January 25 2011. This is when the social movement, also known as the Egyptian Revolution of 2011, began in Egypt. Riots, rallies, and marches are only a few things taking place in the streets of Egypt. The goal: to overthrow Egyptian President Hosni Mubarak. In an attempt to discontinue the hysteria of the online spreading of opposition against the President, the entire Internet was shut down overnight. Every day we hear more about war, chaos, and governmental issues going on in the world and it's crazy to think that a lot of this can be encouarged by the internet. Through the Eyes of Egypt is a blog characterized to discuss the thoughts and opinions of individuals regarding these issues as well as the impact social media can have on the world.

Monday, March 14, 2011

On March 9, eleven people died in Cairo, Egypt in some of the deadliest disorder between Christians and Muslims since President Mubarak has stepped down. The reason for the fighting: the clashes broke during a protest by several hundred Christians over the burning of a church that occurred a week earlier. Funerals have been taking place for those who lost their lives during this battle.

High unemployment, injustice, and rampant corruption are what caused Egyptians and Tunisians to revolt. Egyptian protesters were mobilized largely on the internet which was emphasized by the events that were occurring in Tunisia.

As of March 10, Seif-al Islam, the son of the Libyan leader, promised that the government would not surrender; in an interview he stated, “we will never give up. We will never surrender.” In Saudi Arabia security forces opened fire on small protests in the eastern part of the country.  “Reuters reported sporadic gun fire mixed with the noise of percussion bombs at a demonstration; it gave no word on any casualties or whether security forces had fired live rounds or rubber bullets.”

Saudi Arabian authorities have also banned all protests and have strengthened forces to deal with demonstrators. Tens of thousands of people signed onto Facebook calling for protests for a “day of rage.”

A Saudi Arabian, also a Twitter user, posted a link on his account to a video translating protesters’ chant as: “this homeland is not for sale.”

Philip Luther, deputy director of Amnesty International’s Middle East and North Africa program stated, “Instead of banning peaceful protests, the Saudi Arabian authorities should address the need for major human rights reform in the country.” I completely agree.

Ahmed Al Omran, a Saudi Arabian frequents a blog, didn’t have such high hopes for government reform. He blogged, “I have become very pessimistic about the prospects of reform for our country. The huge age gap between the young population and the ruling elite makes it nearly impossible for the ruled and the rulers to communicate and understand each other.
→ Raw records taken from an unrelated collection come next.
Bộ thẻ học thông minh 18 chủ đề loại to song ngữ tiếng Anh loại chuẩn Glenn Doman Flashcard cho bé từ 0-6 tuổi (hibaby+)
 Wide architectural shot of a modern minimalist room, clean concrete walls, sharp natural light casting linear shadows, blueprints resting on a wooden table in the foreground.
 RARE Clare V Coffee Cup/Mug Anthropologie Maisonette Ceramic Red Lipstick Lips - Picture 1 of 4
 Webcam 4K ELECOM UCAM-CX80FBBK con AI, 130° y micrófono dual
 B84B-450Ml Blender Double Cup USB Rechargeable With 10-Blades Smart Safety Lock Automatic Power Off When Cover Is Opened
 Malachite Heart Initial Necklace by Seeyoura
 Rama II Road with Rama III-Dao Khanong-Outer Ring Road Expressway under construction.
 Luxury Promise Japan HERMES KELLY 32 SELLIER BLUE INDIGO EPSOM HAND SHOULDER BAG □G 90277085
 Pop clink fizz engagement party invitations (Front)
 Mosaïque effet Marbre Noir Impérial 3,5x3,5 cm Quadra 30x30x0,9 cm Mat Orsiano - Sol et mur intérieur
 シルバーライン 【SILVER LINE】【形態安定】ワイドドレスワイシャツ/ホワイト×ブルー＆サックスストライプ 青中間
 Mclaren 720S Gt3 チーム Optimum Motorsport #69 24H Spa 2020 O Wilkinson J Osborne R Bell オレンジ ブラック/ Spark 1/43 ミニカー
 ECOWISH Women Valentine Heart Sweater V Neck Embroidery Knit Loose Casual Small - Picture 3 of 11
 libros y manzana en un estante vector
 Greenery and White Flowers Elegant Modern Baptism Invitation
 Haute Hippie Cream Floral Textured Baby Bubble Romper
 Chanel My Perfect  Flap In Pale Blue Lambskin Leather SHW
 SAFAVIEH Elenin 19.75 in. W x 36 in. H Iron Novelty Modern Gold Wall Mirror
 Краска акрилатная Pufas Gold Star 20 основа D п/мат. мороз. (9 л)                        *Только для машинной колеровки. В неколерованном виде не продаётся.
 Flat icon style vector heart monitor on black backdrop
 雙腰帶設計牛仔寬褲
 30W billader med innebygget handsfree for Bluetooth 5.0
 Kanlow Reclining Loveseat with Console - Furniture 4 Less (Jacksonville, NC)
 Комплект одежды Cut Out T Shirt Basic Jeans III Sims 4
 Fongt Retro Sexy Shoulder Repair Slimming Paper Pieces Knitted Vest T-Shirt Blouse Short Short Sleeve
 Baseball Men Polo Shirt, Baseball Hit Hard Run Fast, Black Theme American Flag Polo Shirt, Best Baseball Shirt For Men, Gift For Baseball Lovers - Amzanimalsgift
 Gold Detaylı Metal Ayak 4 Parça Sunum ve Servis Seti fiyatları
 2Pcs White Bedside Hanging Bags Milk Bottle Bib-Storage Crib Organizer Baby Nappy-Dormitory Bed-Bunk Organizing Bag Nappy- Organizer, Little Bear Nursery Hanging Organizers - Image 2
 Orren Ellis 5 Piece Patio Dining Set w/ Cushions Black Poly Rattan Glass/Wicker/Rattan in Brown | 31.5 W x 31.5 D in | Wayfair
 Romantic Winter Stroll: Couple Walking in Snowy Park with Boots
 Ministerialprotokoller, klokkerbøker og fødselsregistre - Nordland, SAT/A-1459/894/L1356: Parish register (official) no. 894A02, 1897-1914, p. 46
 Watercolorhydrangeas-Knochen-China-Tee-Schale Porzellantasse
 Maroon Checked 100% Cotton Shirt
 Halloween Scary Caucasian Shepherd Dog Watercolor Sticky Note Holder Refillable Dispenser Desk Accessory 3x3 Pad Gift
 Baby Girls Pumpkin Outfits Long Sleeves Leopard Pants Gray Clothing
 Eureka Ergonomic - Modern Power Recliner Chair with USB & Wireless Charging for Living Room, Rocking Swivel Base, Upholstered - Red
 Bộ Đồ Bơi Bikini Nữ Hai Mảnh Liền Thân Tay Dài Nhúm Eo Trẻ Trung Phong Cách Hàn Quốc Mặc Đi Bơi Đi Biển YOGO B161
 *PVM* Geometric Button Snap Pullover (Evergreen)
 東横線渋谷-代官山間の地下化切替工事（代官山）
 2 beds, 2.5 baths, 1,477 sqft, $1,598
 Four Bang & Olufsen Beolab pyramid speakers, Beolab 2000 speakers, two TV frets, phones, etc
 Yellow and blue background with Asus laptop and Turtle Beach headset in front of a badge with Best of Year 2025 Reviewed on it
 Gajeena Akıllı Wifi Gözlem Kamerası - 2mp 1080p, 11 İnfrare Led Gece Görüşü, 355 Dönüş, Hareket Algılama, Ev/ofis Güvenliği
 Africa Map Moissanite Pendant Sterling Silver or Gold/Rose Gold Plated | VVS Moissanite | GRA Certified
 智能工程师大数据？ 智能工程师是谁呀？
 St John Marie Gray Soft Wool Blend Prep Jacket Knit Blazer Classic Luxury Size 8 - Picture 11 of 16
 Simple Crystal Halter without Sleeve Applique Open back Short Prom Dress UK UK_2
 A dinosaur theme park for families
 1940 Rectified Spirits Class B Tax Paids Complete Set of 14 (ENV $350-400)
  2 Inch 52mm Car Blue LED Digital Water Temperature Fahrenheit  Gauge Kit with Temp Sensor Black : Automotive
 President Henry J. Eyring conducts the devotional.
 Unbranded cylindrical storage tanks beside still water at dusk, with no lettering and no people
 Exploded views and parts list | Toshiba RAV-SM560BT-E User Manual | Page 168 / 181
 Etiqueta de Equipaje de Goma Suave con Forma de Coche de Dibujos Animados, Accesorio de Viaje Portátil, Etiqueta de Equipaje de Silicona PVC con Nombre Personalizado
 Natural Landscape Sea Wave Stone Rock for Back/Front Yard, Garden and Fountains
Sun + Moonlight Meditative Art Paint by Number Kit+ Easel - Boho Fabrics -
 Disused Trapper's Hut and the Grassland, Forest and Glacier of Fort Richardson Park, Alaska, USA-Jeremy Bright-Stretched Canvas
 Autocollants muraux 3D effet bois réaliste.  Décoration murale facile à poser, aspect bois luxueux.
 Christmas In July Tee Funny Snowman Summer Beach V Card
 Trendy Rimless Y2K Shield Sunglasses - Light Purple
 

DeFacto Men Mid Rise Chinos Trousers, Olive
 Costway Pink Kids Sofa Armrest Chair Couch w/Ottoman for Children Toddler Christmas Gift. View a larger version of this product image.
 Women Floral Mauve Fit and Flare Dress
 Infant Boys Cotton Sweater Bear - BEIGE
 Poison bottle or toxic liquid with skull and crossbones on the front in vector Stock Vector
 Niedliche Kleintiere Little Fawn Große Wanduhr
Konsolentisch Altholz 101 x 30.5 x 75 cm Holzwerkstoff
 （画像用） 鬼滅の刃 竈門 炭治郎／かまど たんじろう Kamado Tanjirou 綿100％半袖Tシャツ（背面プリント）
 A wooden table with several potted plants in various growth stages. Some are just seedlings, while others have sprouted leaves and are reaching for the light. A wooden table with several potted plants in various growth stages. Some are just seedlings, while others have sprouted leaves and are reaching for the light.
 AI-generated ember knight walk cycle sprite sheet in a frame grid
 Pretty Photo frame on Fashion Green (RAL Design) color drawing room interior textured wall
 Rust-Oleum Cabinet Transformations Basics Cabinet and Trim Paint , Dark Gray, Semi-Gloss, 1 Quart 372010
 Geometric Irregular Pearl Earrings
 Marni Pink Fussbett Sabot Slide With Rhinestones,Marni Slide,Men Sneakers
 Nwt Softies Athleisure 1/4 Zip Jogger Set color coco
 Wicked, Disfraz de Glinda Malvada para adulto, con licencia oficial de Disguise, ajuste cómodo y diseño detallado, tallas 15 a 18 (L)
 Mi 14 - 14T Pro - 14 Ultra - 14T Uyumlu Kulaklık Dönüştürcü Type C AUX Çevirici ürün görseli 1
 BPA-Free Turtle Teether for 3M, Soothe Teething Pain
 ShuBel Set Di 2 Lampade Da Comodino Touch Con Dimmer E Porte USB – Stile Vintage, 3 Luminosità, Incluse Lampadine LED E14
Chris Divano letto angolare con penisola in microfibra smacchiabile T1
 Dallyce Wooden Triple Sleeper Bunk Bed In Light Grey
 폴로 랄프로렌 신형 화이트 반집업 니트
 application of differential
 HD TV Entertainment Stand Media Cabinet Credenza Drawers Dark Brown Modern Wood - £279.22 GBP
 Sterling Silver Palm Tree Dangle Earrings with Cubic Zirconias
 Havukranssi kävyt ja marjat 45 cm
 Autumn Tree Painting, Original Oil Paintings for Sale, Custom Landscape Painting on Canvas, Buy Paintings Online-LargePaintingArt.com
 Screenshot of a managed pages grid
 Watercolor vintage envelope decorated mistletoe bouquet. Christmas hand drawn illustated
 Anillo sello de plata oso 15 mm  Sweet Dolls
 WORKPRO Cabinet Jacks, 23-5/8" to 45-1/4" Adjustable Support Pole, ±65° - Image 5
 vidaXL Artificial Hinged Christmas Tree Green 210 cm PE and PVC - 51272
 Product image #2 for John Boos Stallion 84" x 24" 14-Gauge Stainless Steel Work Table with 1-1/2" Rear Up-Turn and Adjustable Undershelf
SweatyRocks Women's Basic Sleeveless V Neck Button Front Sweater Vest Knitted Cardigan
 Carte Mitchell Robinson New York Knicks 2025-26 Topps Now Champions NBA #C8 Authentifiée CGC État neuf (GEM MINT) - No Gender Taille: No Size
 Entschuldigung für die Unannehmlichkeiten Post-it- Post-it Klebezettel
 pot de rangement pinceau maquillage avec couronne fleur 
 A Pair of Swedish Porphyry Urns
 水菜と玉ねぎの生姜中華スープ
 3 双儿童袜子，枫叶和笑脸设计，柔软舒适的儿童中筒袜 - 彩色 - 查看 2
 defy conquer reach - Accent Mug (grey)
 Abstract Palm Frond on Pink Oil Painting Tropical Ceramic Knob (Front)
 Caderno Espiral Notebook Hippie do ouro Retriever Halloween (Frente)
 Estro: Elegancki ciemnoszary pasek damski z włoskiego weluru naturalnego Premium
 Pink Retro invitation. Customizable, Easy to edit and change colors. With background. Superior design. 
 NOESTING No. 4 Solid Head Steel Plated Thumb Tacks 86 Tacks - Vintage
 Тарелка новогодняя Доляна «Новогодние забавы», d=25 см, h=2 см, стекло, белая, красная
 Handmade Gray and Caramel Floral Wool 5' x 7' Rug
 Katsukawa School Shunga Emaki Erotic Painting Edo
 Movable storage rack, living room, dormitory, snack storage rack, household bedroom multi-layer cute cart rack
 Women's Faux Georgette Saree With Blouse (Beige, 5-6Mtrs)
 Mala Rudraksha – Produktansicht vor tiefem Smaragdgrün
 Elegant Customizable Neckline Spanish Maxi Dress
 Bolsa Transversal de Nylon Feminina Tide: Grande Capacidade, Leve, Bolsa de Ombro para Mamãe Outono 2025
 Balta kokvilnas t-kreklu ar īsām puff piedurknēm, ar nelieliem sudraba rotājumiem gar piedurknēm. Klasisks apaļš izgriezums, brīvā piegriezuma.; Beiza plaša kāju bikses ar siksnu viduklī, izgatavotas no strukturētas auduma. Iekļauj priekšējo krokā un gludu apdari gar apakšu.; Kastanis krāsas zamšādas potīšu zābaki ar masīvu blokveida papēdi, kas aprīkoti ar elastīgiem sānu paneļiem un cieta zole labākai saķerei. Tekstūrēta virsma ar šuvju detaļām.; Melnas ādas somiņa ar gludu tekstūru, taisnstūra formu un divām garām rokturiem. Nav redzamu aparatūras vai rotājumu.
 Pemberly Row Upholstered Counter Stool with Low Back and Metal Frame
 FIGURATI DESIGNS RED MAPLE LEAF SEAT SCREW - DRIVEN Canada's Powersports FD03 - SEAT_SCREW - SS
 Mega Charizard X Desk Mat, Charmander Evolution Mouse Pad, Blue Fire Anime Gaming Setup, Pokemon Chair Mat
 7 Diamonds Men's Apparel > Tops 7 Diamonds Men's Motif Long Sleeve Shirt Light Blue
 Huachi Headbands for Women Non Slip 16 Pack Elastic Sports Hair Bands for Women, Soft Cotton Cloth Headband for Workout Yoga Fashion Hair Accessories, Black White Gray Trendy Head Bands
We practically speak two different languages, and I don’t see how the government can keep up with our aspirations.”

A staff photographer for The Times, who has covered many different conflicts in places such as Kosovo, Congo, Ethiopia, Sudan and more said that the fighting he witnessed outside a Libyan oil town may have been the most intense he has ever seen firsthand. The photographer stated, “That fighting includes bombing from jets, shooting from helicopters and incoming mortar and heavy machine gun fire. This is all happening over relatively flat terrain, with very little cover. So when you commit yourself to working out there, there’s not a whole lot you can do to protect yourself. I’m always looking for some kind of cover. But the bombs they’re dropping are huge. You can’t run from them, because you don’t know where they’re going to land. Even if you are wearing a flak jacket and a helmet, if you were hit by one of these bombs from a jet, the clothes wouldn’t do you very much good.”

I know we all hope this ends soon. Make love not war. A



  1. I agree, Saudi Arabian authorities should listen to the people and address their human rights instead of banning protests. It does show how strong social networking, especially when you want your voice to be heard.

  2. It is amazing how social networking has an influence on everything that goes on in the world today. Starting a protest is as easy as creating an event on Facebook. Spreading rumors about ones government is as easy as hitting submit on a blog. It has changed the world we live in which is shown through everything going on in Egypt. Mubarak obviously understood the influence that social networking has on the people, and how it can be used to organize protests and rebel forces which is why he shut down the entire internet. Leaders around the world need to consider social networking as both a weapon and a tool that can be used against them, something they have never had to do before.